Capstone Exhibition Statement (2023)
This installation is an exploration of memory, specifically my memory of my late grandpa. I started this project before he passed to celebrate him and how much of an impact he has made on my life. Continuing this project after his sudden death has been hard. Suddenly, I was grieving with the same paint I had been celebrating with. The studio became a place for me to grieve, remember, and heal.
My first day back in the studio after my grandpa’s death, I realized I hadn’t painted his face. His face is connected so heavily with my memory of him, but it was absent from the panels and canvas staring back at me. That day, I painted his face. I painted his hands that taught me how to graft a scion on a tree and I painted his hands that repaired an old watering can. I painted his back as he looked out onto the farm where he grew persimmon trees and so much more. I painted each moment collaged, layered and intertwined with one another, because that is how those moments appear to me in my memory.

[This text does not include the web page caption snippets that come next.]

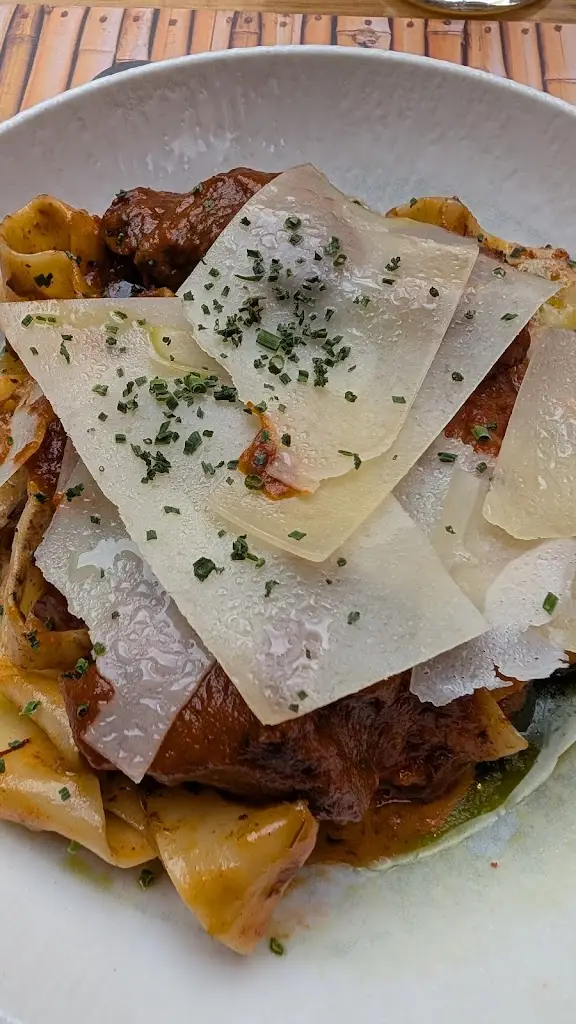 Nimrod Shani_CHE Cocina y Barra Sudamericana_Piraeus_review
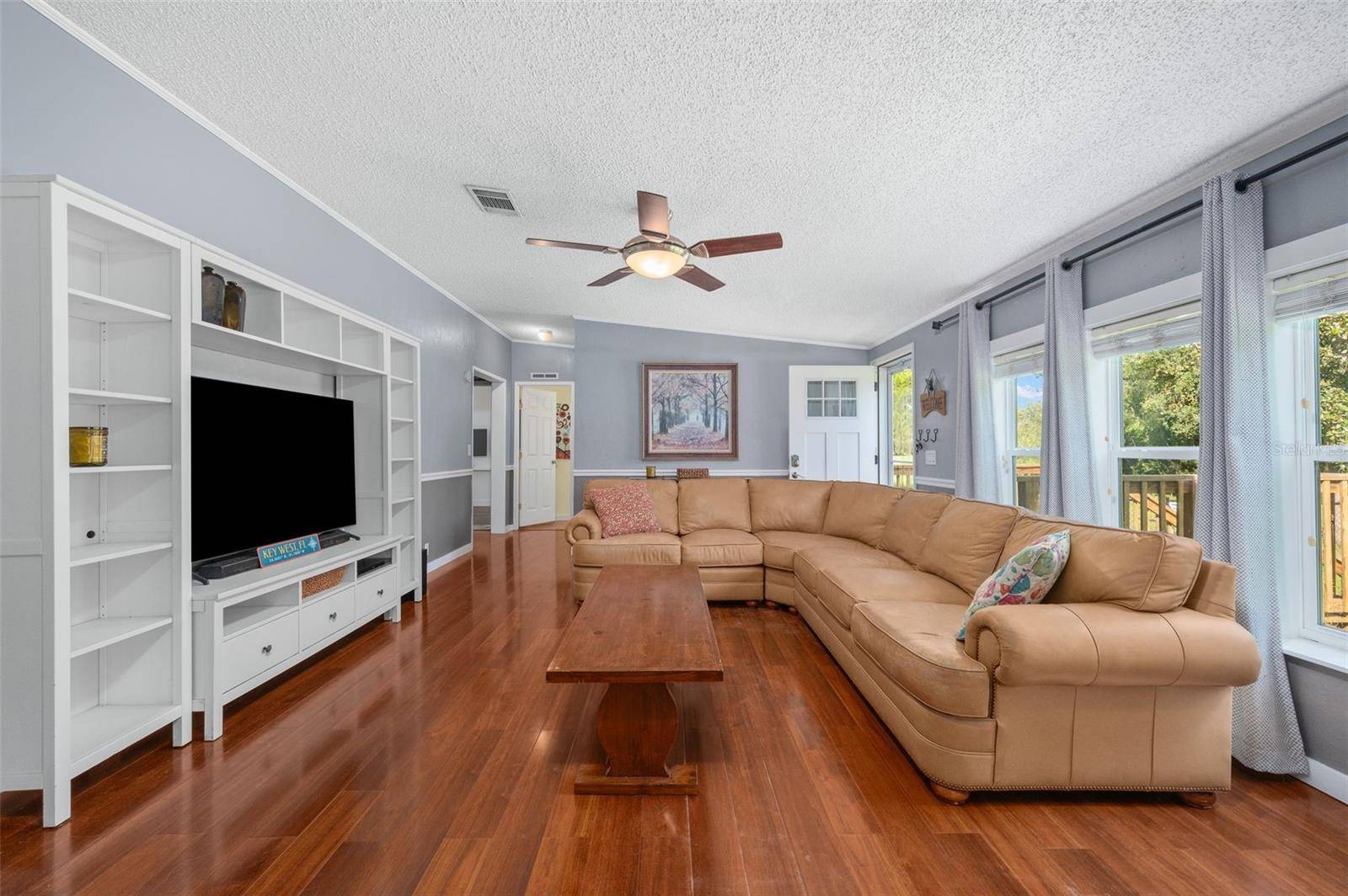 19923 SW 15TH AVE, Newberry, FL 32669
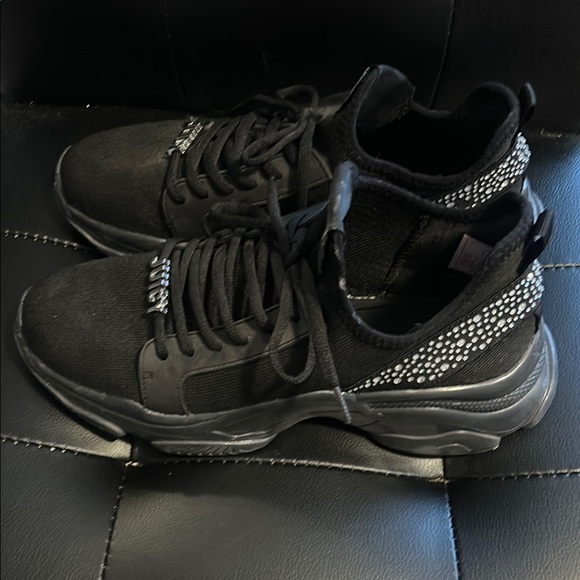 Juicy Couture Women's Black Sneakers with bling accent, size 9.5 - Picture 6 of 15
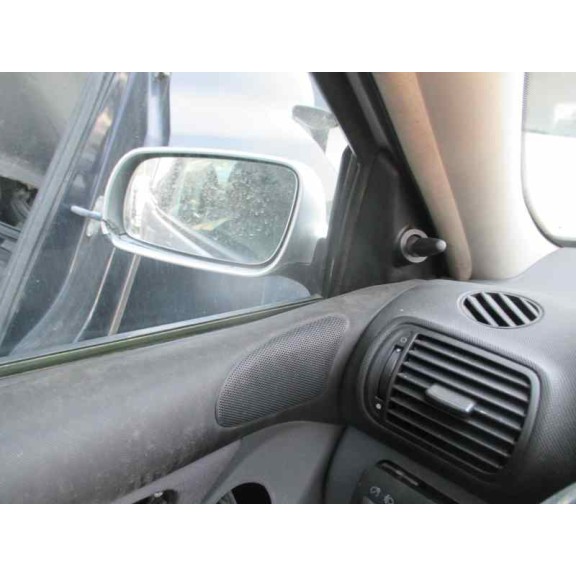 seat leon (1m1) del año 2001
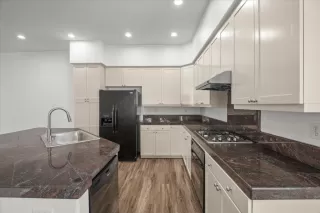 Photo #5: ML82039229 Listing 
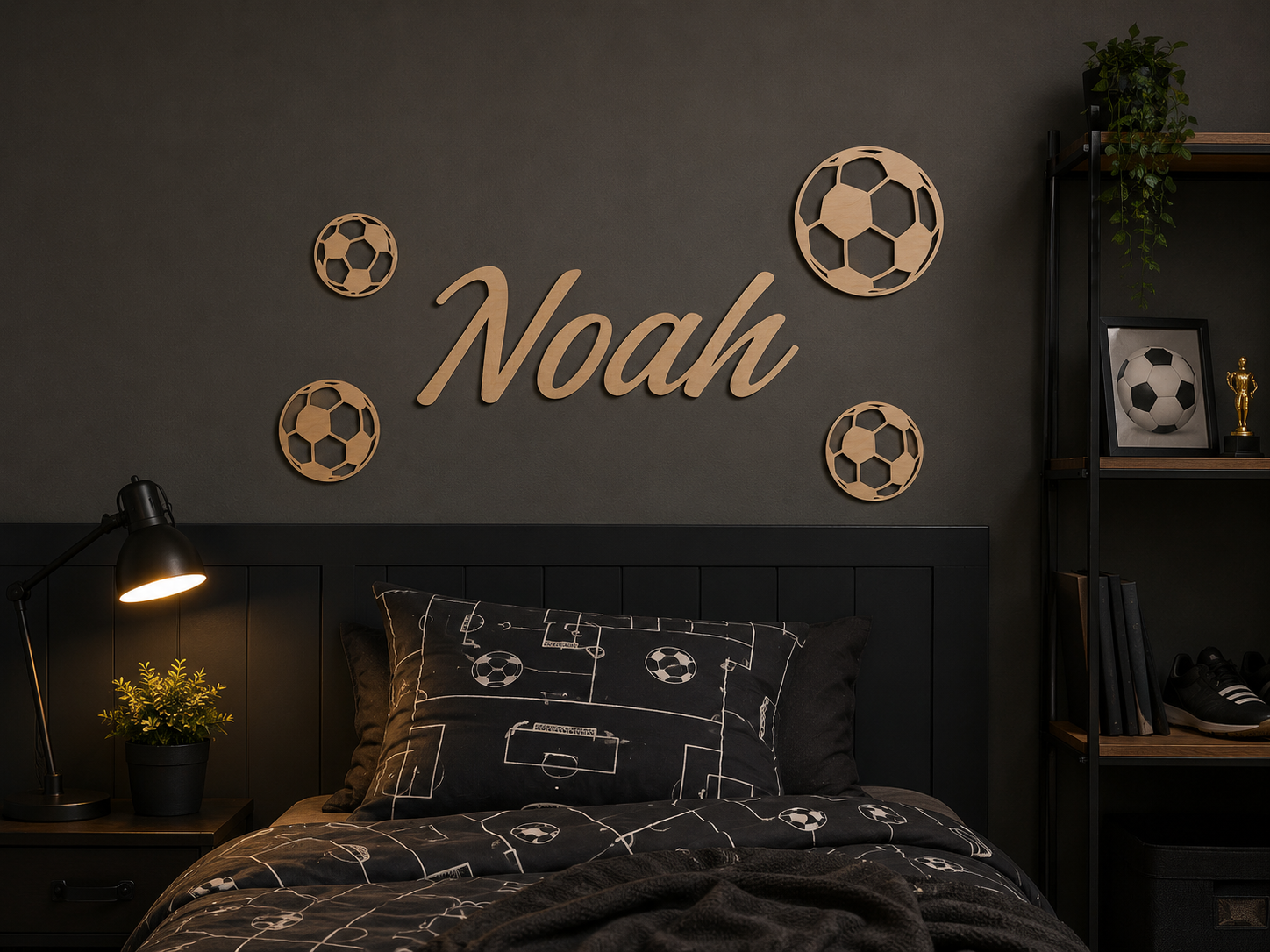 Houten voetballen met naam gepersonaliseerd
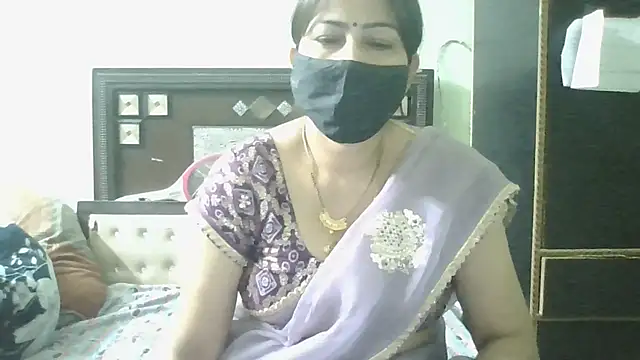 couplesuni online show from May 2026 10:47:01 AM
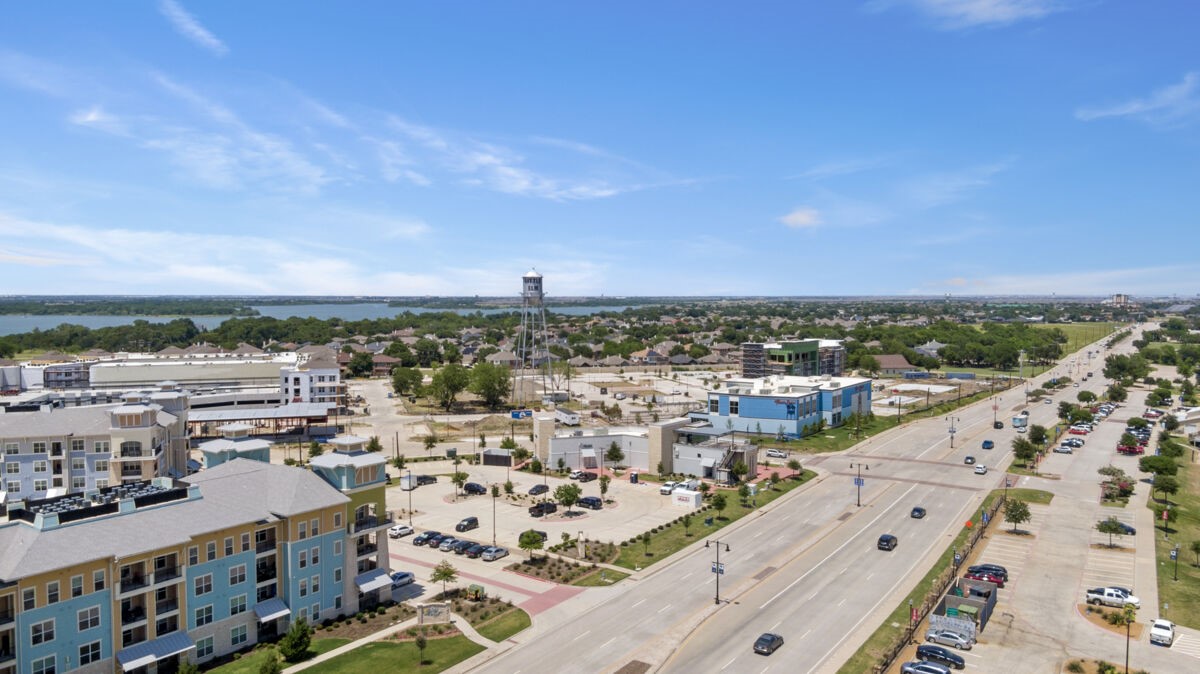1424 Vista Run Lane Oak Point TX 75068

Place is an integral part of my memory of my grandpa. I could never separate him from his farm. In order to celebrate the location, my mom and I harvested dirt from my grandpa’s farm and from the garden outside of his house. Dirt is rarely celebrated, but dirt and soil is what enables plants to grow. It is an essential building block for life. To bring dirt into the context of reverence and celebration, I have removed it from the ground and inlaid it into the two panels of my installation. I have also carefully placed dirt on the floor of the gallery to reference the ground from which the persimmon trees in my memories actually grew.